# No more sex !!!!



## rome2012 (Sep 10, 2010)

No more sex for him !!!!! 

I'm stupid !!!!! Sooooooooooooooo stupid !!!!!

:banghead::banghead::banghead::banghead::banghead::banghead::banghead::banghead:

*He* needs to fight now !!!!

Full blown 180 now !!!! :smthumbup:

*“God, grant me the serenity to accept the things I cannot change, the courage to change the things I can, and the wisdom to know the difference.”*

*“God, grant me the serenity to accept the things I cannot change, the courage to change the things I can, and the wisdom to know the difference.”*

*“God, grant me the serenity to accept the things I cannot change, the courage to change the things I can, and the wisdom to know the difference.”*

*“God, grant me the serenity to accept the things I cannot change, the courage to change the things I can, and the wisdom to know the difference.”*


----------



## Crankshaw (Jan 12, 2011)

ooookkkkkaaayyyyy, now, do you want to fill us all in a little ?


----------



## Blanca (Jul 25, 2008)

ummmm....i think using sex as a weapon to get what you want is a pretty low form of manipulation. No one will love you if you use their needs against them.


----------



## LonelyNLost (Dec 11, 2010)

What happened? Was it the kissy face pic thing? Do tell when you calm down. We're curious.


----------



## Freak On a Leash (Feb 19, 2010)

What is SEX? :scratchhead:

:rofl: :rofl: :rofl:


----------



## Crankshaw (Jan 12, 2011)

Freak On a Leash said:


> What is SEX? :scratchhead:
> 
> :rofl: :rofl: :rofl:


I have heard rumors, but I don't really believe them


----------



## Freak On a Leash (Feb 19, 2010)

I left this vibrating thing at my H's house..I should go pick it up. 

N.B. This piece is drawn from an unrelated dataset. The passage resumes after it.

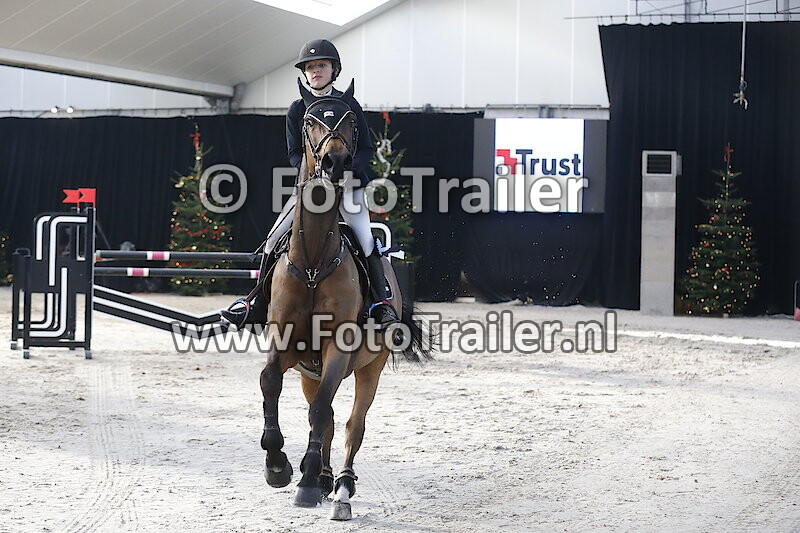 S24 - International Showjumping - Children Grand Prix - With Jump Off  - 1.25M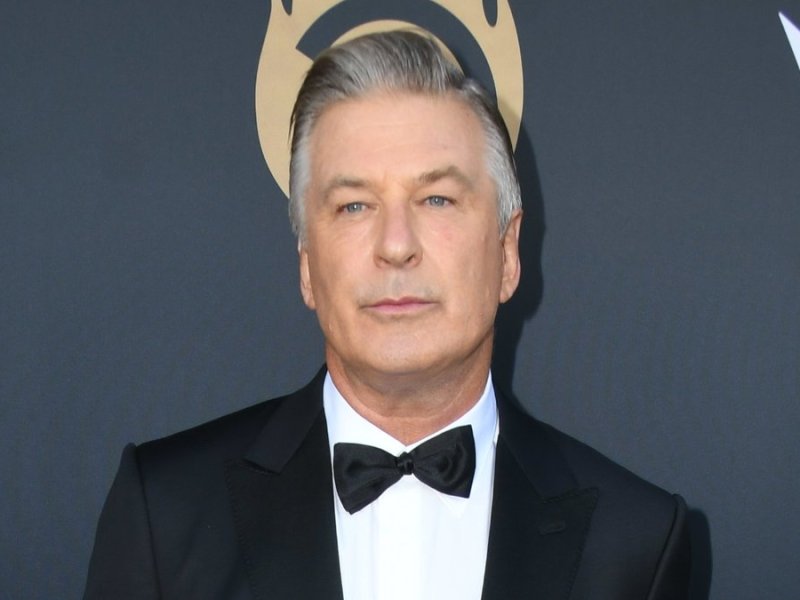 Alec Baldwin äußert sich bei Instagram zu der Behauptung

Hey, it's a LOT more fun than he is!


----------



## Crankshaw (Jan 12, 2011)

Freak On a Leash said:


> I left this vibrating thing at my H's house..I should go pick it up.
> 
> Hey, it's a LOT more fun than he is!


you left a what thing where ?


----------



## Freak On a Leash (Feb 19, 2010)

VIBRATOR DUDE!! Come on..don't they have those things "DOWN UNDER?" :rofl: :rofl::lol:

My husband bought that and a bunch of those "warming gels" and a dildo a few years ago for Valentine's Day. What fun! :smthumbup: It was a GREAT way to get "warmed up" and "add to" the fun! Not to mention those rope things we attached to all corners of the bed.  

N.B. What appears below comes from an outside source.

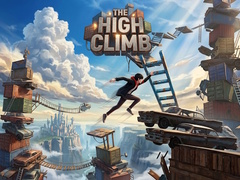 Тоглоом The High Climb
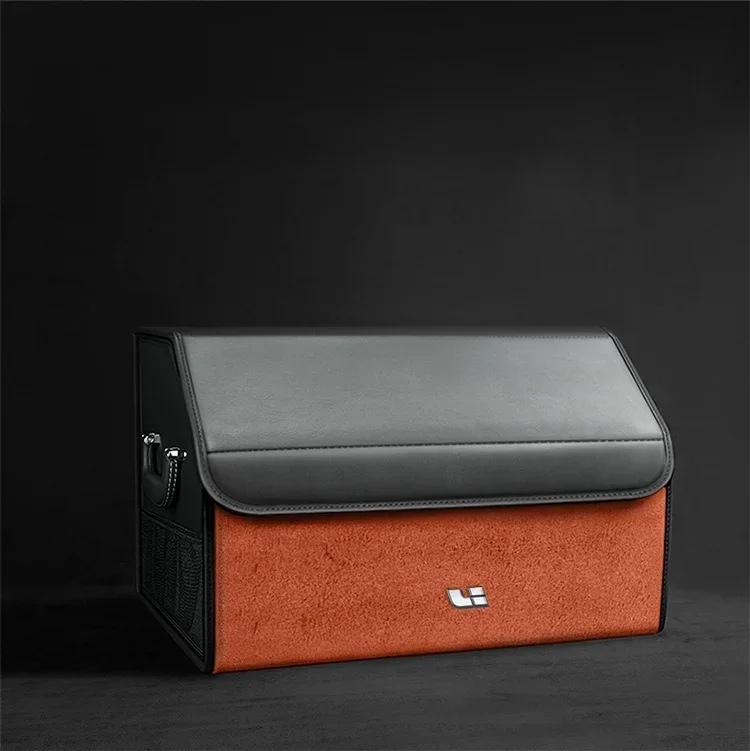 

Органайзер для багажника автомобиля LiXiang ONE L6 L7 L8 L9 MEGA-аккуратный и аккуратный! Автомобильные аксессуары для интерьера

Ah well..All good things come to and end. Now I'm replacing him with the vibrator. No great loss. He's literally gone DOWN hill..

Shame, he was so good for awhile. Rum does horrible things to one libido.


----------



## rome2012 (Sep 10, 2010)

Long story....(in my profile)...

Short......ex-husband divorced me....when final papers came to the house he told me he loves me, doesn't want me to move out and wants to see what the future holds (translated: reconciliation possibility).....

I guess because I pulled a 180 after signing the papers, and then our dog being put down brought us really close together (kissing, hugging, holding hands etc) kinda showed him that he was making a hasty decision and that he does still have love for me, so he reconsidered when the finalized papers came....

Anyway....ever since then ("I don't want you to move out") I haven't heard a single "I love you", gotten not a single kiss or other affection other than sex.....once in a while....and most of the time it had to be initiated by me....(he said he understands if I don't want sex after all this heartache and lets it be my decision)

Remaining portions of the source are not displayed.